#### Problem details
Transcribe exactly, and only, the lines from the one containing "A marca espetacular" through the last line of the data.

#### Source material
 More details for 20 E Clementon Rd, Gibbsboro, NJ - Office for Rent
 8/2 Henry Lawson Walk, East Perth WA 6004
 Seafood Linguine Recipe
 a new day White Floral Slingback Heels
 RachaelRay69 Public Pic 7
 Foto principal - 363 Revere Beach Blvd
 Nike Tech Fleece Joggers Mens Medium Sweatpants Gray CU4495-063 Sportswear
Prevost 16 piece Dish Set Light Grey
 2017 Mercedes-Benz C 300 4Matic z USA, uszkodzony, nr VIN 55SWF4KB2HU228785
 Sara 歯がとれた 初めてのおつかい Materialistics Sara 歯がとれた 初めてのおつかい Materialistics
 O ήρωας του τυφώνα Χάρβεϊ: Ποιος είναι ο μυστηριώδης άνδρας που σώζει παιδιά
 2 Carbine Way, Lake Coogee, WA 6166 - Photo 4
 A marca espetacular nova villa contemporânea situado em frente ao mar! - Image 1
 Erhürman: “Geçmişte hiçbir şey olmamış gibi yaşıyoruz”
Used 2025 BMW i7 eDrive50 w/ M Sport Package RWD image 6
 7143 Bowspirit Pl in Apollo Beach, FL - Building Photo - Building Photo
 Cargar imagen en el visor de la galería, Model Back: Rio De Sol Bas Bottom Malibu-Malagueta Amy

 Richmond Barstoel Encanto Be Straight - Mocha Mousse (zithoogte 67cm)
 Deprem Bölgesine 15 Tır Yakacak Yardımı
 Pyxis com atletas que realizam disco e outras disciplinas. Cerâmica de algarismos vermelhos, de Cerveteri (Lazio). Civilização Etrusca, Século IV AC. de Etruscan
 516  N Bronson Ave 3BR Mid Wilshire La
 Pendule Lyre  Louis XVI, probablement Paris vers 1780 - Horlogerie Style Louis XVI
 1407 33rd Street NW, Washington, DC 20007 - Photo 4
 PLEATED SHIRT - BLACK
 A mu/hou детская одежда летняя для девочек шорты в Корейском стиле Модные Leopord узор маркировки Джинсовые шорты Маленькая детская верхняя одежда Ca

#### Written solution
 A marca espetacular nova villa contemporânea situado em frente ao mar! - Image 1
 Erhürman: “Geçmişte hiçbir şey olmamış gibi yaşıyoruz”
Used 2025 BMW i7 eDrive50 w/ M Sport Package RWD image 6
 7143 Bowspirit Pl in Apollo Beach, FL - Building Photo - Building Photo
 Cargar imagen en el visor de la galería, Model Back: Rio De Sol Bas Bottom Malibu-Malagueta Amy

 Richmond Barstoel Encanto Be Straight - Mocha Mousse (zithoogte 67cm)
 Deprem Bölgesine 15 Tır Yakacak Yardımı
 Pyxis com atletas que realizam disco e outras disciplinas. Cerâmica de algarismos vermelhos, de Cerveteri (Lazio). Civilização Etrusca, Século IV AC. de Etruscan
 516  N Bronson Ave 3BR Mid Wilshire La
 Pendule Lyre  Louis XVI, probablement Paris vers 1780 - Horlogerie Style Louis XVI
 1407 33rd Street NW, Washington, DC 20007 - Photo 4
 PLEATED SHIRT - BLACK
 A mu/hou детская одежда летняя для девочек шорты в Корейском стиле Модные Leopord узор маркировки Джинсовые шорты Маленькая детская верхняя одежда Ca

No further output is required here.